En un mundo en el que el tiempo es un bien preciado se han impuesto hábitos que nos permiten hacer diferentes cosas a la vez, por ejemplo, comer y contestar los correos, leer, mirar la televisión, etc. Esta capacidad de hacer dos cosas a la vez puede parecernos muy útil ya que en el mismo espacio de tiempo resolvemos una necesidad física (comer) al tiempo que nos entretenemos con otras cosas.

En realidad, esta capacidad, lejos de ser una ventaja, puede ser realmente un auténtico problema. En vez de comer, literalmente engullimos de forma automática lo que hay en el plato. Perdemos la capacidad de deleitarnos con los alimentos que vamos a disfrutar, dejamos de prestar atención a los olores, las texturas, los sabores y finalmente, no nos enteramos cuando estamos saciados, lo que supone que acabemos comiendo de más. En una reciente investigación (1) se cuantificó que las personas que comen con algún distractor (smartfone, revista) ingieren un 15% más de calorías que las personas que no mantienen ese hábito.

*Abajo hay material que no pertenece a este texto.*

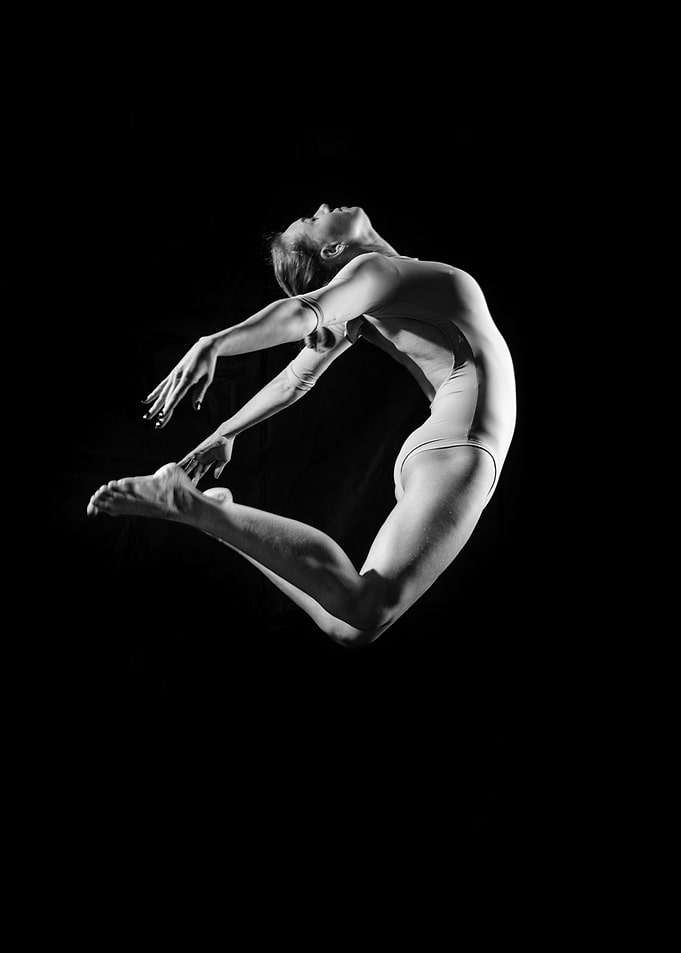 Dancer in Mid-Air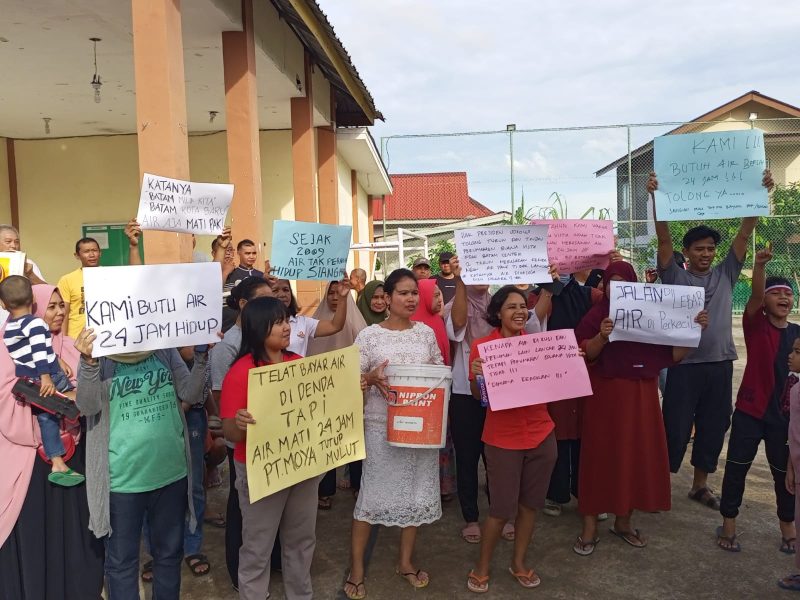 Warga Perumahan Buana Vista Tahap Pertama melakukan unjuk rasa. Foto: INIKEPRI.COM 
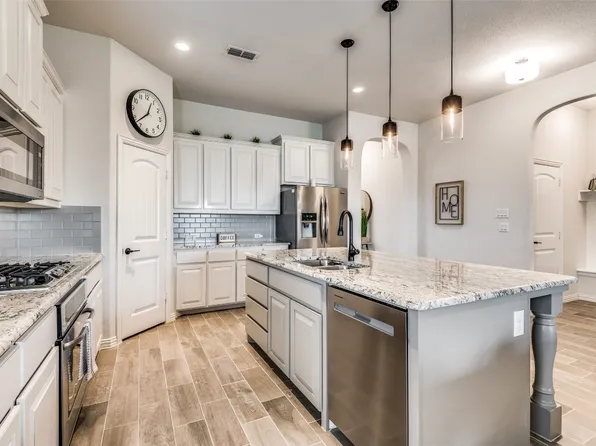 9653 Calaveras Rd, Fort Worth, TX 76177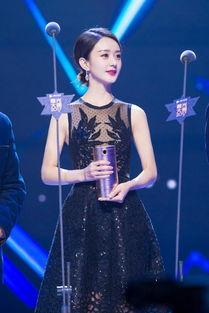 娱乐圈爆料赵丽颖张艺兴,娱乐圈新CP诞生！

Desde pequeños se educa a los niños con las pantallas encendidas a la hora de comer. Comer, simplemente disfrutando de aquello que estamos degustando, manteniendo la atención en el momento presente, puede resultar complicado porque nuestra atención no está entrenada.

La práctica de la atención plena (Mindfulness) brinda una oportunidad para aquellos que quieren intentarlo. Las prácticas basadas en Mindfulness facilitan un entrenamiento para que las personas establezcan nuevos hábitos más saludables, lo que les va a permitir vivir con un mayor bienestar y consciencia.